Originally published 22 August 2016 on Facebook
I see some graffiti on a window.
‘Toby is gay, by Duncan’ it says.
I consider writing a poem with the first line ‘I see some graffiti with a byline’ but I don’t.
I cross Maid Marion way and dwell (as I have been dwelling a lot recently) on the enormous spot on my face.
Neither the stress of bankruptcy or the shortage of face-wash seem to justify the enormity of said spot.
It is enormous: ten times the size of an ordinary spot.
I think about the spot being cancer, and think about what I’d do if I had cancer.
I’d be nastily, unforgivably bitter if I had cancer, I think.
I’d declare war on God and mankind, I think, if I had cancer.
I’d spend my last weeks CONFIRMING the shallowness and horror of human experience.
If I had cancer I’d make sure everyone else felt like they had cancer too.
That’s horrible, I think, rightly.
I think about stoicism and look at Pitcher and Piano and think about Unitarianism.
I try to come up with an objective argument for why me getting cancer would be a bad thing. This cheers me up sometimes.
Two bearded men take a picture of Saint Mary’, and I disapprove, baselessly.
I go to the little court with a view of St Mary’s.

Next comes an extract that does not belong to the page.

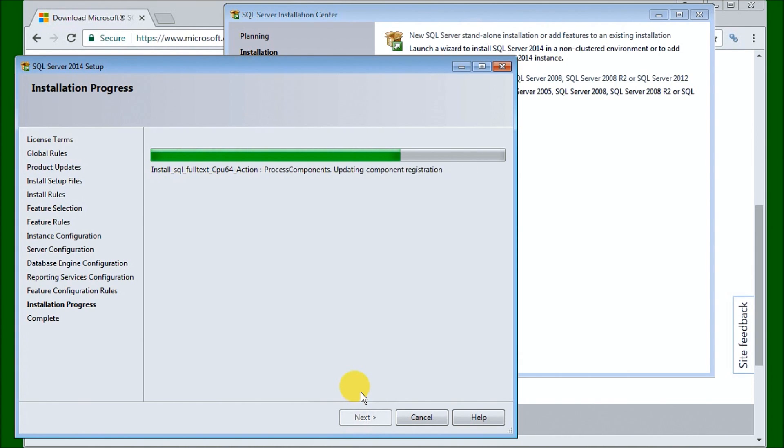We probably just have a couple more minutes to wait here for the install to complete.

I take a picture of my enormous spot and compare it to other pictures, taken over the last three days.
It’s getting worse, I think, baselessly.
I sit down against a wall and open Augustine’s Confessions and read the sentence: ‘My one delight was to love and be loved.’
A BMW drives into the court and I walk away.
I walk under a boy and a girl sitting on a wall and imagine them spitting on my head, and imagine my reaction.
I criticise my imaginary reaction.
I go left toward ice house and see, on my left, the current Unitarian chapel.
It is small.
I walk up through Hockley and see a white man shouting at a black man.
I sit in Broadway cinema and access their wifi and listen to the conversations the women next to me are having.